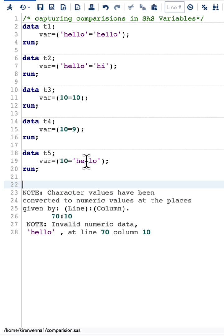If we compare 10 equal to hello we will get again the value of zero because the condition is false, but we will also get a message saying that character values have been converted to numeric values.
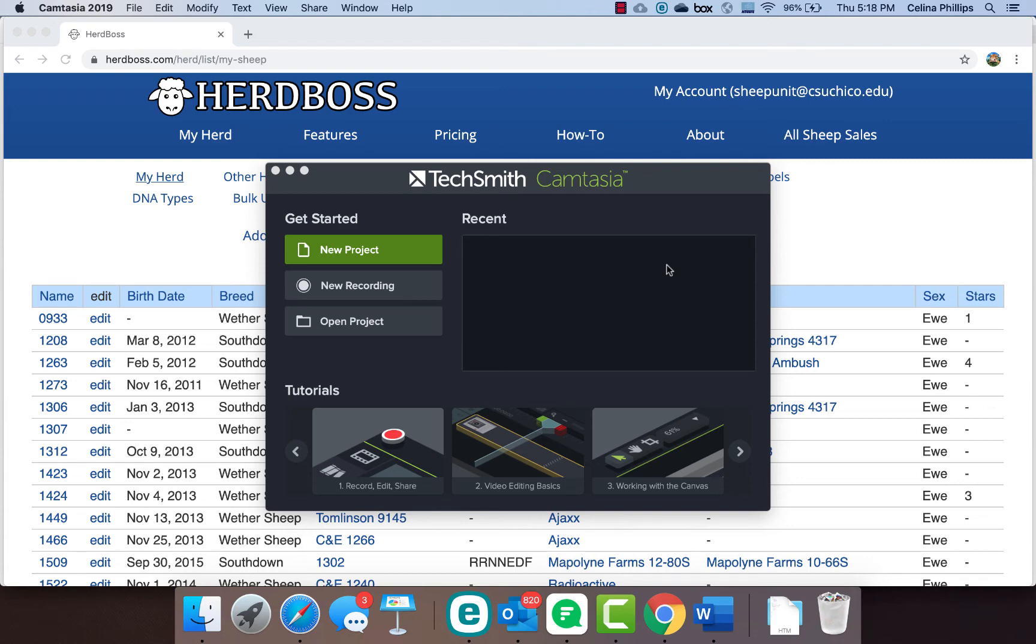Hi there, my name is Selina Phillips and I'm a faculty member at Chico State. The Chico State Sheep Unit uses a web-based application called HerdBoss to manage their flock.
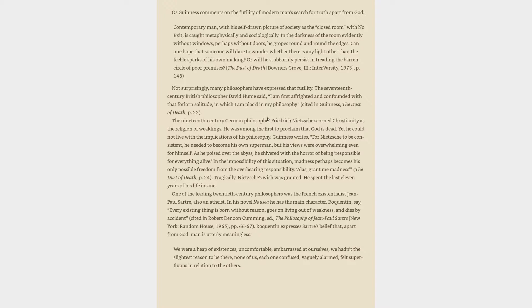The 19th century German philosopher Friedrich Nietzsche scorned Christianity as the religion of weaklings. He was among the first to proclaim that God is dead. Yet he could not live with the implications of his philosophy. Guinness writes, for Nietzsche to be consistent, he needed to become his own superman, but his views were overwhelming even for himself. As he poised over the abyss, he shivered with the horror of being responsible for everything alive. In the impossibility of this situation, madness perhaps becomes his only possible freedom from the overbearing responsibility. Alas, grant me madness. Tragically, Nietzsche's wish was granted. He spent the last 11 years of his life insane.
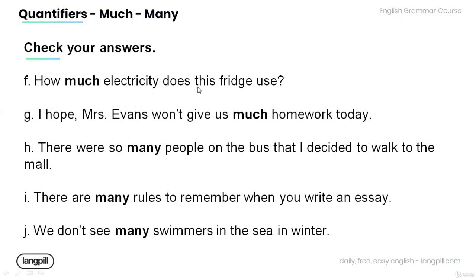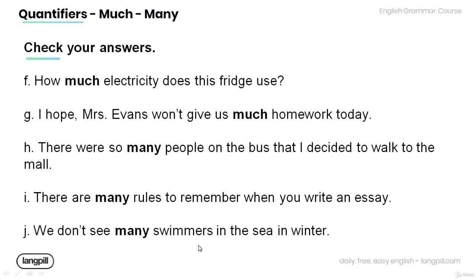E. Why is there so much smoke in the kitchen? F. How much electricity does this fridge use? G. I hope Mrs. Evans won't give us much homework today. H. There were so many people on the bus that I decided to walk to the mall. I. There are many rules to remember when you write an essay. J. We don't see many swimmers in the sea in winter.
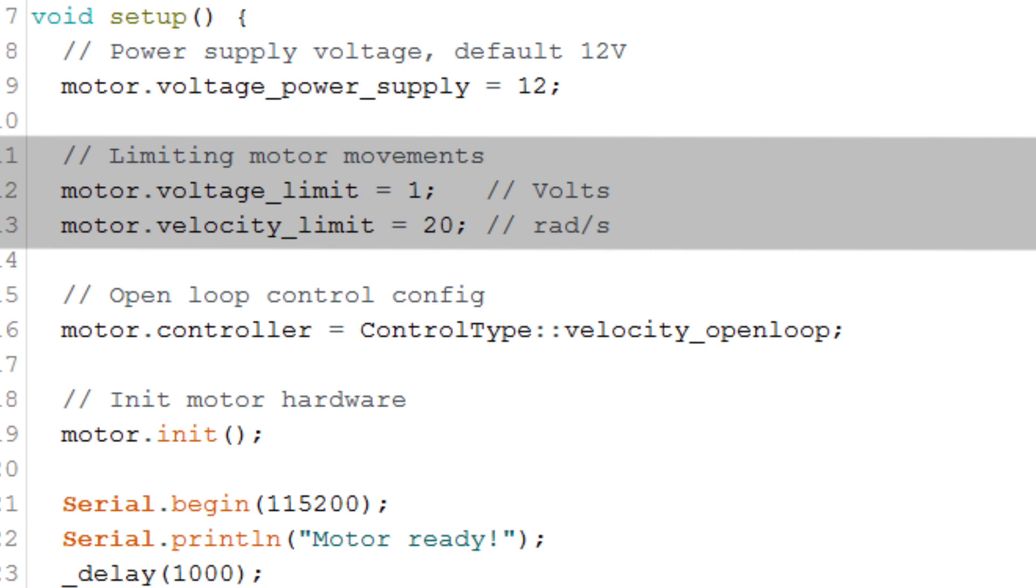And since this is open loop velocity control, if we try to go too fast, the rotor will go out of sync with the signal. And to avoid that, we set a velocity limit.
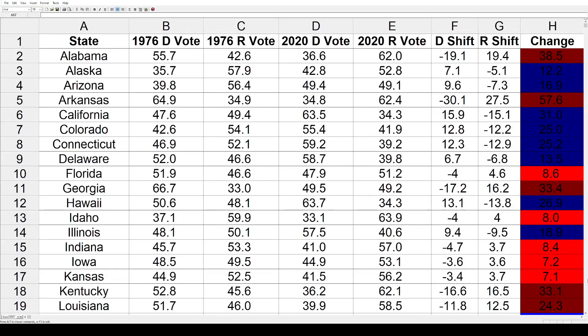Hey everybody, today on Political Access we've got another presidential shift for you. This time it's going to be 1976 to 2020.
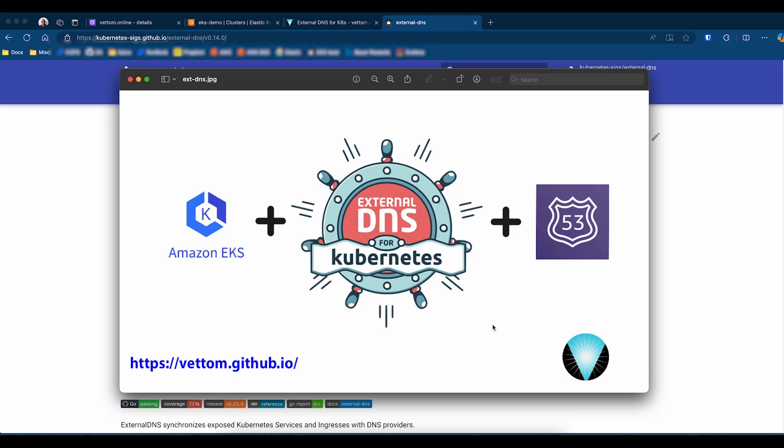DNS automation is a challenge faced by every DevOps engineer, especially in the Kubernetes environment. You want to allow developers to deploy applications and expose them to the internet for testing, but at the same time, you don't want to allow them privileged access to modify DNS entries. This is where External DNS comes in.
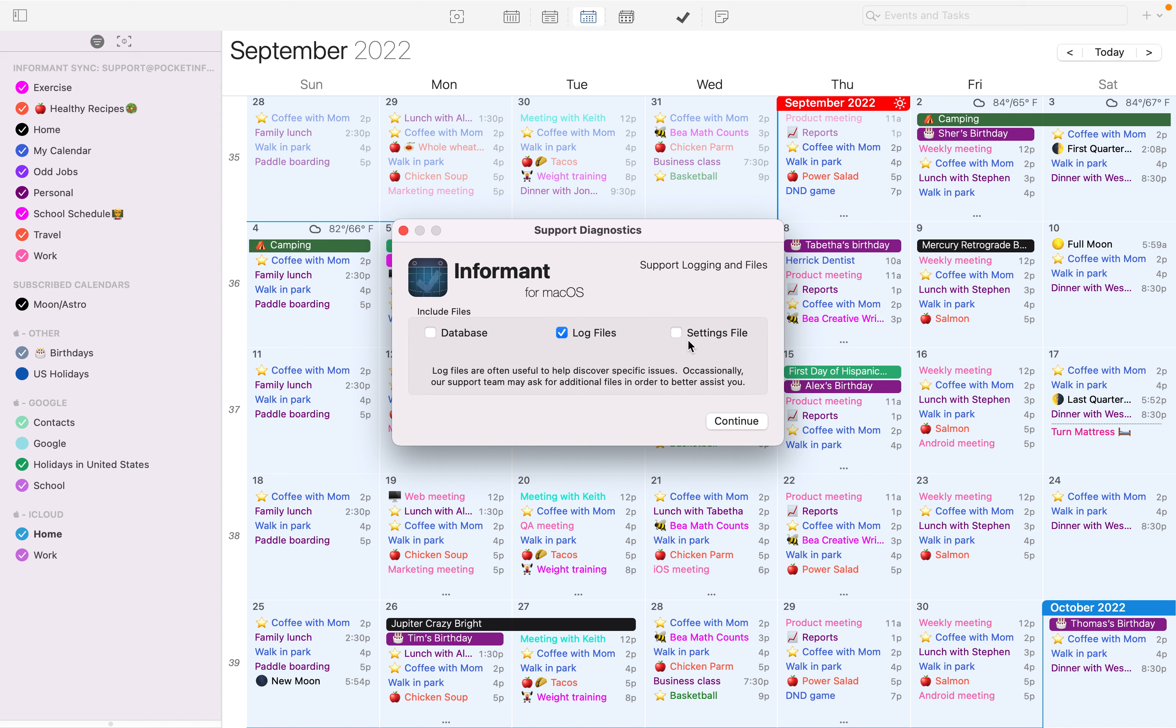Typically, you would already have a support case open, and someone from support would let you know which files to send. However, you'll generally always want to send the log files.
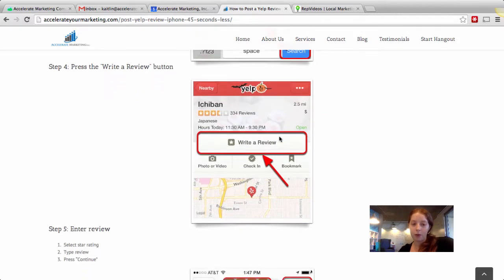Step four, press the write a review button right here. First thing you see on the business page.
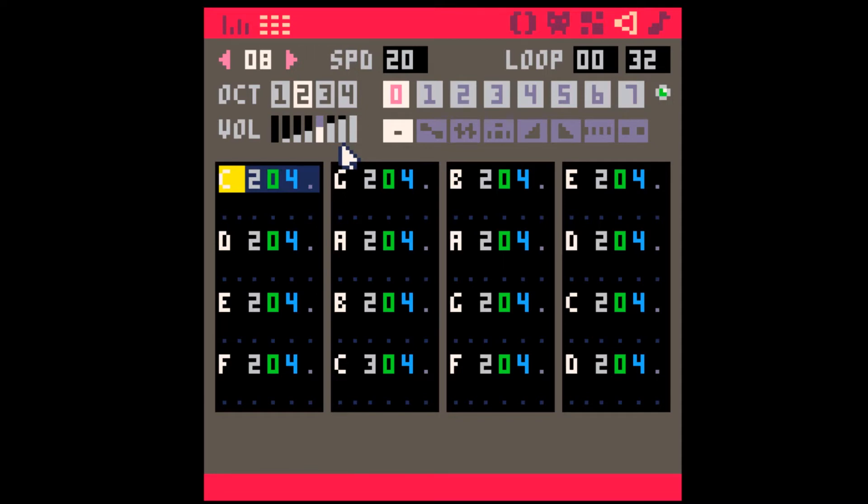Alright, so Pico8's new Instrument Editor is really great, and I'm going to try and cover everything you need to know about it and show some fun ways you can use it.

★ ★ ★ ★

**Brief**
Reproduce the entries above exactly, without images.

**Task output**
If we compare 10 equal to hello we will get again the value of zero because the condition is false, but we will also get a message saying that character values have been converted to numeric values.
Hi there, my name is Selina Phillips and I'm a faculty member at Chico State. The Chico State Sheep Unit uses a web-based application called HerdBoss to manage their flock.
The 19th century German philosopher Friedrich Nietzsche scorned Christianity as the religion of weaklings. He was among the first to proclaim that God is dead. Yet he could not live with the implications of his philosophy. Guinness writes, for Nietzsche to be consistent, he needed to become his own superman, but his views were overwhelming even for himself. As he poised over the abyss, he shivered with the horror of being responsible for everything alive. In the impossibility of this situation, madness perhaps becomes his only possible freedom from the overbearing responsibility. Alas, grant me madness. Tragically, Nietzsche's wish was granted. He spent the last 11 years of his life insane.
E. Why is there so much smoke in the kitchen? F. How much electricity does this fridge use? G. I hope Mrs. Evans won't give us much homework today. H. There were so many people on the bus that I decided to walk to the mall. I. There are many rules to remember when you write an essay. J. We don't see many swimmers in the sea in winter.
And since this is open loop velocity control, if we try to go too fast, the rotor will go out of sync with the signal. And to avoid that, we set a velocity limit.
Hey everybody, today on Political Access we've got another presidential shift for you. This time it's going to be 1976 to 2020.
DNS automation is a challenge faced by every DevOps engineer, especially in the Kubernetes environment. You want to allow developers to deploy applications and expose them to the internet for testing, but at the same time, you don't want to allow them privileged access to modify DNS entries. This is where External DNS comes in.
Typically, you would already have a support case open, and someone from support would let you know which files to send. However, you'll generally always want to send the log files.
Step four, press the write a review button right here. First thing you see on the business page.
Alright, so Pico8's new Instrument Editor is really great, and I'm going to try and cover everything you need to know about it and show some fun ways you can use it.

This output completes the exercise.